Andrew Fast, Chief Data Scientist, CounterFlow ai
Crossing the Production Gap
Machine learning promises to address many of the challenges faced by network security analysts; however, there are still many obstacles that prevent widespread adoption of machine learning within security operations centers (SOC). The first major challenge is one of trust as discussed in our previous post. The second major set of challenges is around the complexity of deploying machine learning in a production environment. Once a machine-learning model has been trained and validated in the lab, there is often an equal if not larger effort required to deploy that model in a repeatable, production environment.\Transitioning a model from the lab to production is a difficult challenge that OpnIDS and Dragonfly MLE can help address in the network operation environment.

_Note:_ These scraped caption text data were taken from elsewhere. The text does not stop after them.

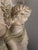 Textile 1990s Pacific Coast Lighting Neoclassical Cherub Table Lamp With Fringed Shade For Sale - Image 7 of 10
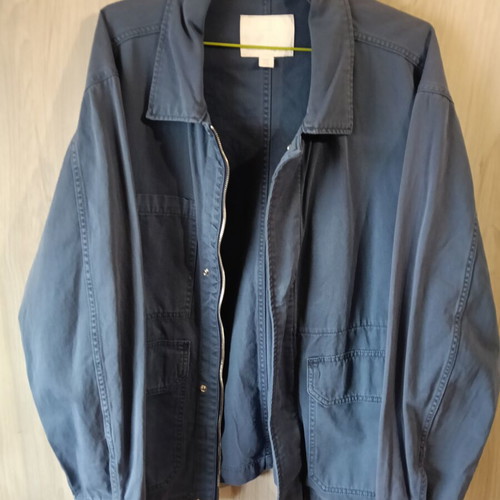 Zara lightweight jacket XL blue new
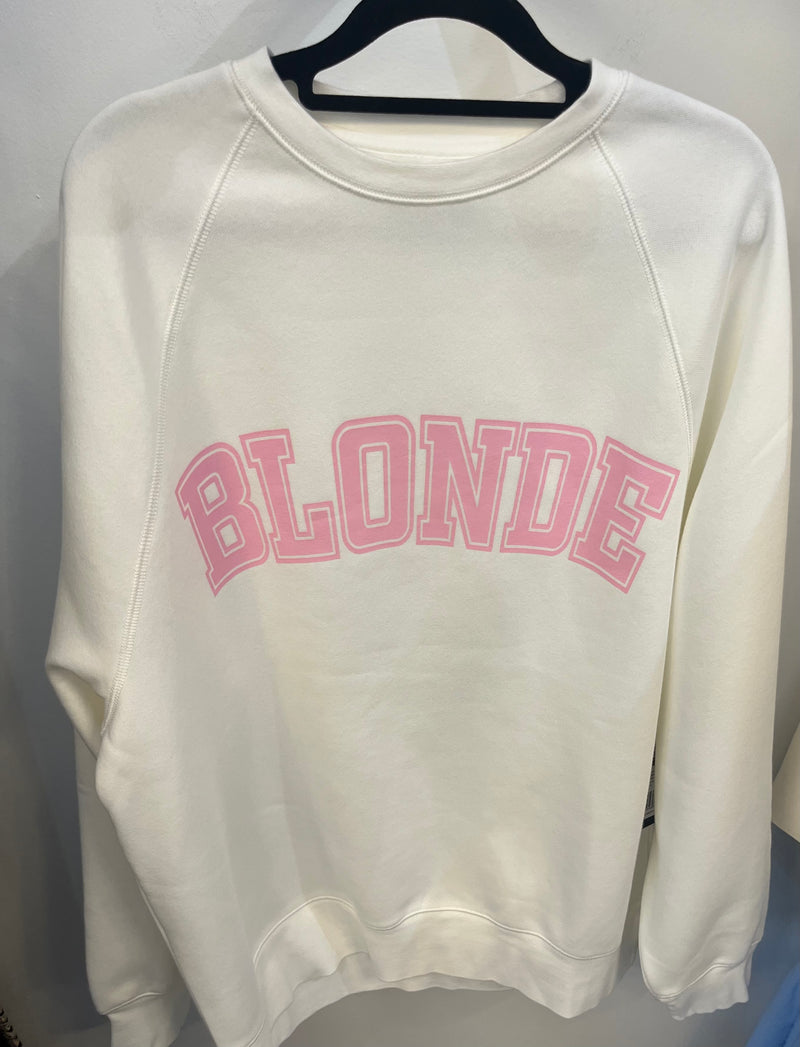 BLONDE NOT YOUR BOYFRIEND CREW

Typical Machine Learning Process
Data science typically operates using an iterative batch process. First, there is a lengthy data collection process that results in a large static dataset (a.k.a. "training data" or "the data") stored in one or more data storage systems including spreadsheets and flat files, relational databases, and "big data" systems such as Hadoop and Apache Spark. Next, data scientists will "explore" the data using traditional data science tools such as SQL, R, or Python. Data exploration rapidly transitions into feature creation and data cleaning, resulting in a data set that is prepared for modeling. Once the first round of feature creation is complete, data scientists will train a machine-learning model using one of many model packages for R or Scikit.learn for Python, ideally splitting the training into several subsets to simulate out-of-sample, unseen data. Typically, this entire process starting with data collection will repeat until model performance meets the business goals of the project.
After performance of the model is sufficient, it is then ready to be put into "production." In production, a model "scores" new, unseen data using the model developed during the training phase. Transitioning a model from training to scoring can be a lengthy process. First, "the data" is typically a static dataset, so for a model to be deployed it must be first transitioned to live data. This entails ensuring that all of the various data features used as inputs to the model are available when the model needs to be run. Second, production systems are often built using different programming languages and frameworks than are used to train the models, requiring additional software engineering effort to translate the model code to the production language of choice.
If there are many different dependencies on datasets, a common choice is to deploy the model on top of the training architecture. This avoids additional effort re-implementing feature engineering and multiple data pipelines. However, scoring using the training architecture is not always the most efficient approach. For example, check out the recent collaboration between Redis and Spark.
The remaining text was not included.